◆ **Supplied material**:

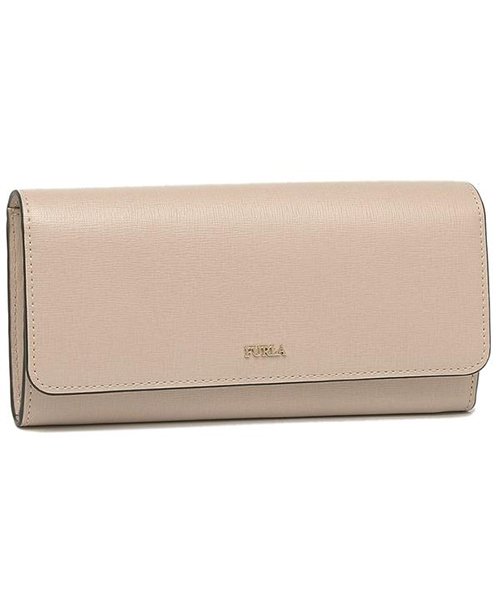 FURLA(フルラ)/フルラ 財布 FURLA PS12 B30 BABYLON XL BIFOLD バビロン レディース 長財布 無地/DALIA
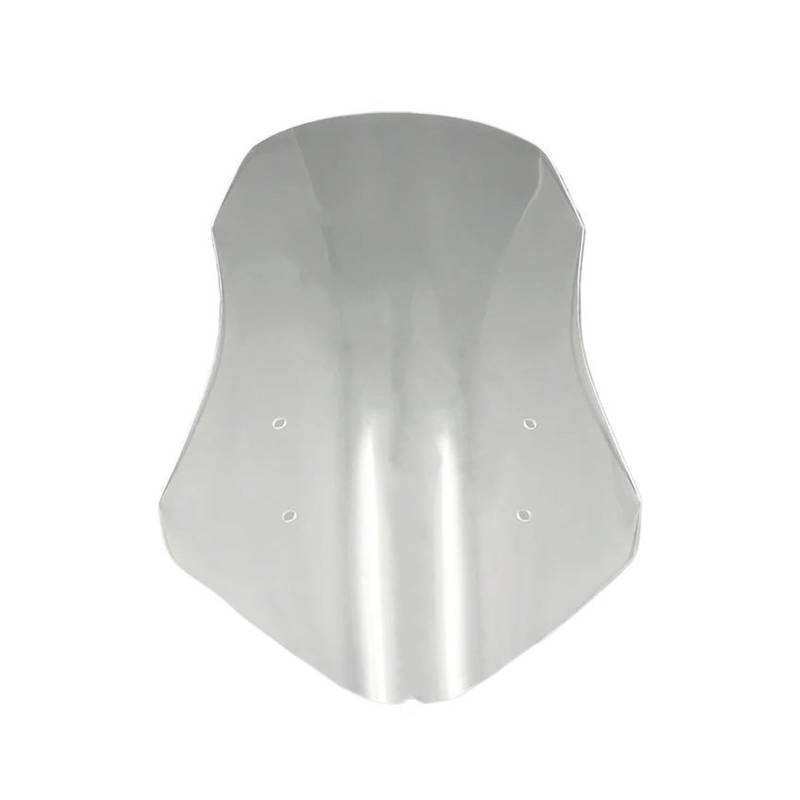 Windschutzscheibe Für Colove Für Montana XR5 XR 5 Motorrad Windschutzscheiben Windschutzscheibe Windabweiser Visier Visier Transparent von BAXPEVM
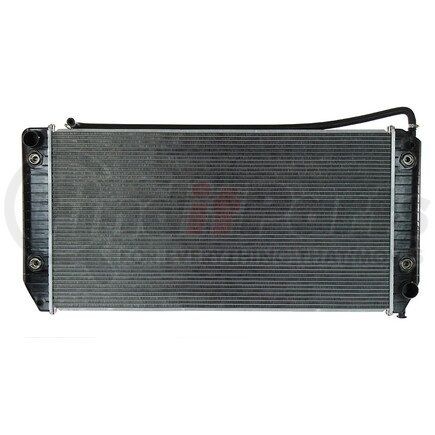 8067212 by APDI RADS - Heavy Duty Radiator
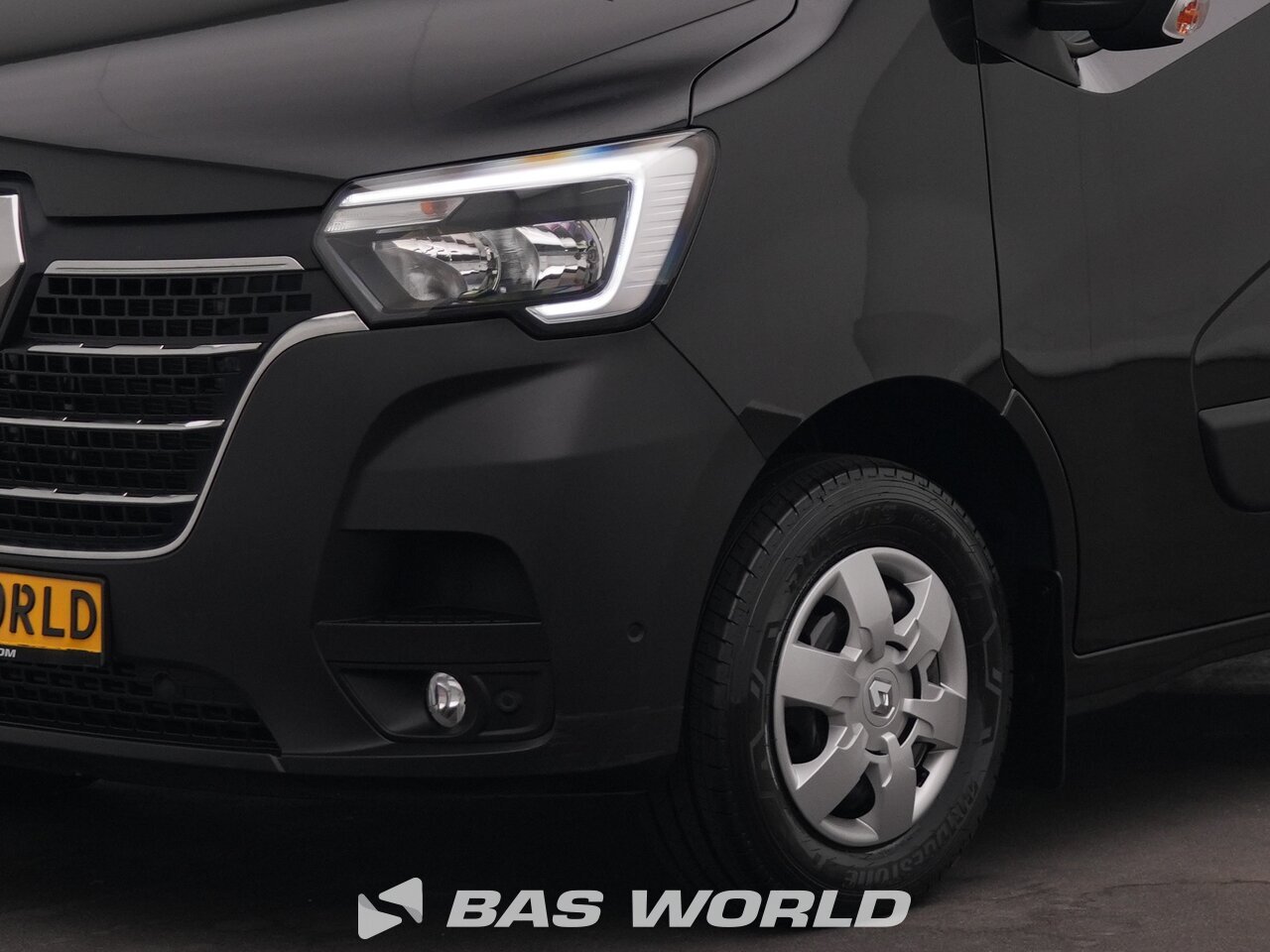 Other : Renault Master 180PK Suljettu pakettiauto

◆ **Task statement**: Apart from the pictures, all of the data should be repeated exactly.

◆ **Exercise answer**:
 FURLA(フルラ)/フルラ 財布 FURLA PS12 B30 BABYLON XL BIFOLD バビロン レディース 長財布 無地/DALIA
 Windschutzscheibe Für Colove Für Montana XR5 XR 5 Motorrad Windschutzscheiben Windschutzscheibe Windabweiser Visier Visier Transparent von BAXPEVM
 8067212 by APDI RADS - Heavy Duty Radiator
 Other : Renault Master 180PK Suljettu pakettiauto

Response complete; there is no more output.